◆ **WORK INSTRUCTION**: When you reach a picture, skip it, and retype every line below exactly.

◆ **MATERIAL PROVIDED**:
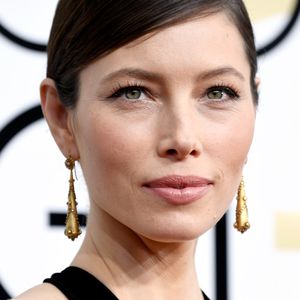 Fress-Maschine? Jessica Biel ist "menschlicher Staubsauger"!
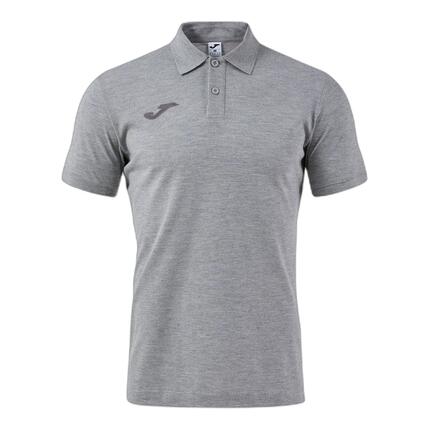Polo enfant Joma Bali III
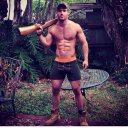 Мария Маркова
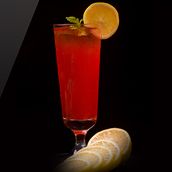 Ice Tea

◆ **RESPONSE AREA**:
 Fress-Maschine? Jessica Biel ist "menschlicher Staubsauger"!
Polo enfant Joma Bali III
 Мария Маркова
 Ice Tea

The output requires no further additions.